MSPB Finds Veterans Employment Violations Require Reconstructed Selection Process
This case law update was written by Conor D. Dirks, an attorney at the law firm of Shaw Bransford & Roth, where since 2013 he has represented federal officials and employees in all aspects of federal personnel employment law. In addition to his work on behalf of government employees, Mr. Dirks has successfully defended small and medium-sized government agencies against EEO complaints and MSPB appeals of agency disciplinary actions.
On July 22, 2022, the Merit Systems Protection Board (MSPB, the Board) ruled that an agency’s mere reannouncement of the original vacancy does not constitute a proper reconstruction under veterans’ preference laws.
An applicant, who was a 10-point preference-eligible veteran, applied for a vacant Medical Support Assistant position the one of the Department of Veterans Affairs’ (VA) Community Based Outpatient Clinics (CBOC). He was not selected and filed a veterans’ preference complaint with the Department of Labor (DOL) regarding his non-selection.
The VA responded to the complaint, acknowledging that the individual applied and that they had violated veterans’ preference by selecting someone else, who was an internal candidate. The agency reported that to remedy the mistake, they had placed the applicant on a “priority placement list” for 120 days with the CBOC and had provided human resources staff with additional training. The DOL investigator assigned to the case told the VA that was not enough, and that they must reannounce the position to allow the applicant to compete for the position with proper consideration of his veterans’ preference rights or hire the applicant to a comparable GS-5 position at the CBOC.
In response to DOL, the VA reported that had canceled the previous vacancy announcement and returned the selected employee to his previous position while they announced the position under a new vacancy announcement. On December 23, 2016, the VA issued its new vacancy announcement, and the applicant did not apply.
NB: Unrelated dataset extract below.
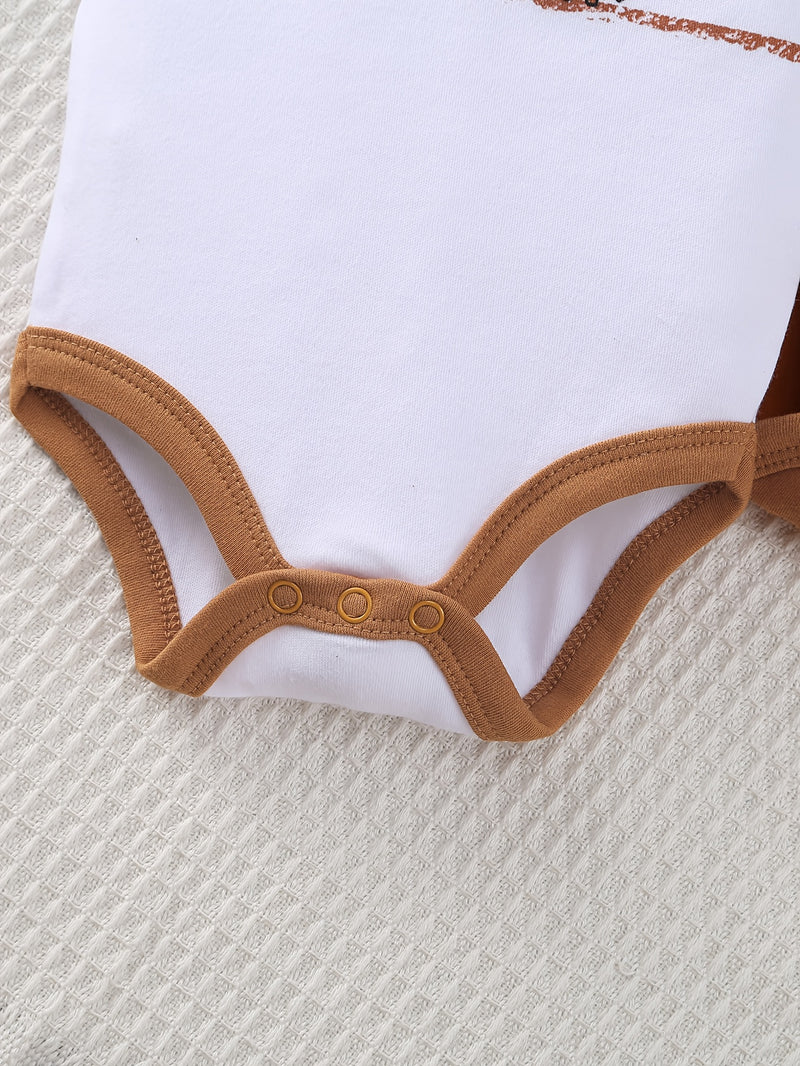 5pcs Boys Romper Set, Featuring a Stylish Cartoon Car Pattern.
Instead, he elected to pursue his Veterans Employment Opportunities Act (VEOA) complaint directly with the MSPB, arguing that reannouncement of the position could not cure his complaint; according to the applicant, the only appropriate remedy was to select him for the position.
An MSPB administrative judge held that the applicant failed to show that the agency’s decision to reannounce violated his veterans’ preference rights, leading the applicant to petition the Board for review. The Board disagreed with the positions of both parties; finding that where the agency concedes it violated the applicant’s veterans’ preference rights, but it is not clear whether the applicant would have been selected absent the violation, the “proper remedy under VEOA is to reconstruct the selection process for the position.”
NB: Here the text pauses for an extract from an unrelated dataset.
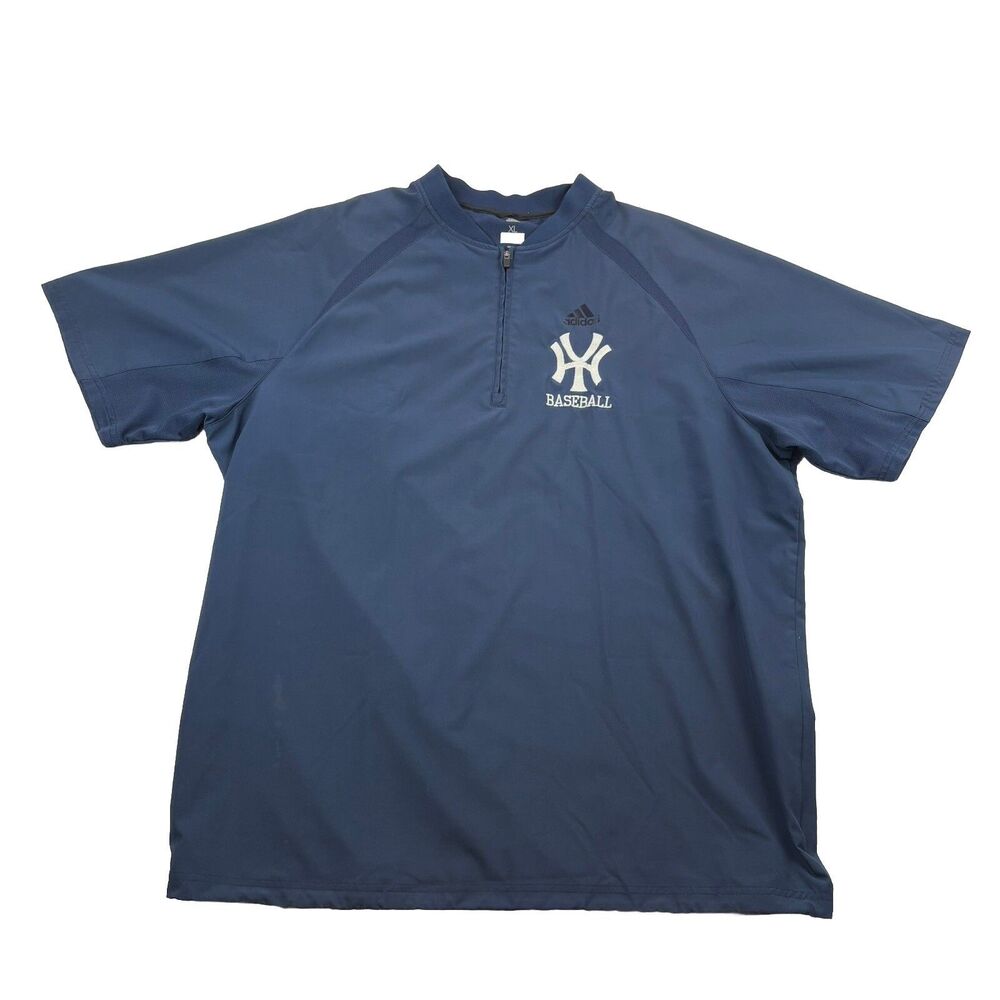New York Yankees Adidas Short Sleeve Windbreaker 1/4 Zip Pullover Mens XL Blue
The Board held that to do so, an “agency must conduct an actual selection process based on the same circumstances surrounding the original faulty selection.” This includes: “taking the original selectee out of the position, conducting and evaluating interviews so that they are meaningfully comparable with the original selectee’s interview, and filling the same number of vacancies as before.” The Board found that although the agency attempted to comply with one of the remedies proffered by DOL, its reannouncement of the position did not create the same circumstances surrounding the original selection. Therefore, according to the Board, VA “never remedied its original faulty selection process,” and “fell short of the law’s requirements.”